Mit der AfD-Einstufung als „gesichert rechtsextremistisch“ können Beamte mit Parteimitgliedschaft auf ihre Verfassungstreue überprüft werden. Das Parteienprivileg schützt die Betroffenen nicht, meint Robert Hotstegs.

Das Bundesamt für Verfassungsschutz (BfV) hat die AfD als gesichert rechtsextremistische Bestrebung eingestuft. Auch wenn sich hiergegen die Partei mit einem Eilantrag und einem Klageverfahren zur Wehr setzt und das Bundesamt im Eilverfahren eine sogenannte Stillhaltezusage abgegeben hat, ändert dies am Ergebnis nichts: Das Bundesamt hat aus seiner Sicht genügend Argumente für die Verfassungsfeindlichkeit der Partei zusammengetragen. Es macht lediglich als Nachrichtendienst für die Dauer des Verfahrens davon keinen Gebrauch. Dennoch liegt eine – wenn auch als vertraulich eingestufte – Faktensammlung vor.

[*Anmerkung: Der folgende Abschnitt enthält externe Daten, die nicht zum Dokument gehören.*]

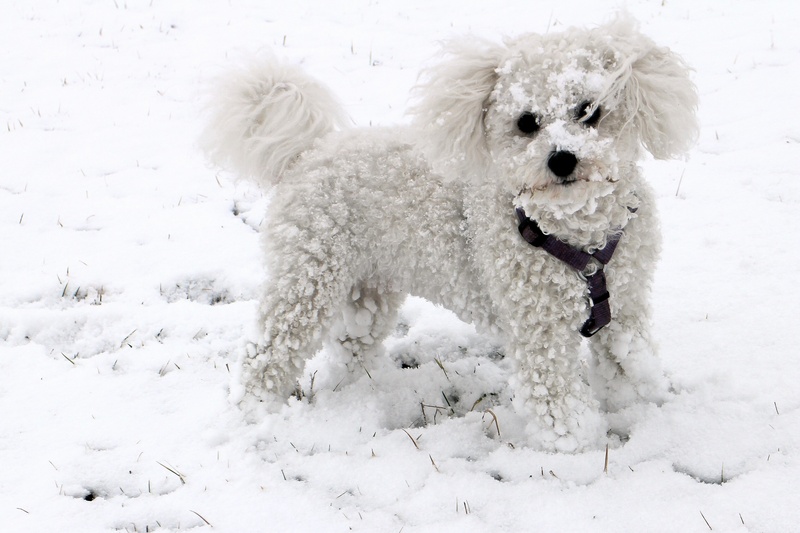 domestic animals, field, emotion, small dog, animal, white, white color, dog, bolognese, day, purebred Dog, canine, winter, vertebrate, outdoors, pets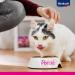 Vita Power Po sie D lice Wet Cat Food with Chicken Fillet - Grain & Sugar-Free for Adults (23x85g) | Premium Nutrition - Buy Online on GoSupps.com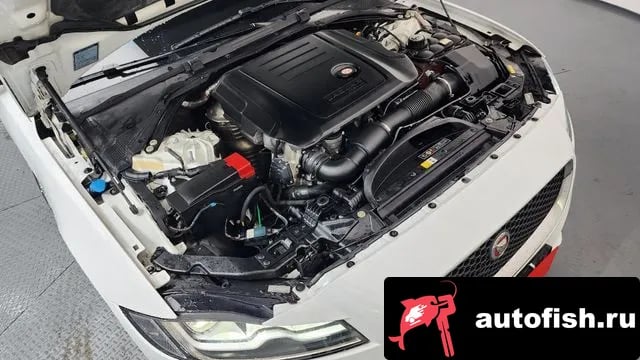 Jaguar XF XF (X260) 2019 года - вид 6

Damit ergibt sich nun erstmalig die Situation, dass die im Bundestag als größte Opposition vertretene Partei den Boden der freiheitlichen demokratischen Grundordnung verlassen hat und diese nach den Erkenntnissen bekämpft. Ein Eindruck, der sich in den vergangenen Jahren anlässlich von Wahlprogrammen, der gerichtlichen Einstufung von Landesverbänden oder Untergliederungen wie der „Jungen Alternative“ stets verdichtet hat.

Für Parteimitglieder, aber erst recht für Funktionsträgerinnen und Funktionsträger oder Kandidatinnen und Kandidaten, die als Beamtinnen und Beamte beim Bund, in einem Bundesland oder einer Gemeinde beschäftig sind, ergeben sich hieraus unmittelbar dienstrechtliche Konsequenzen.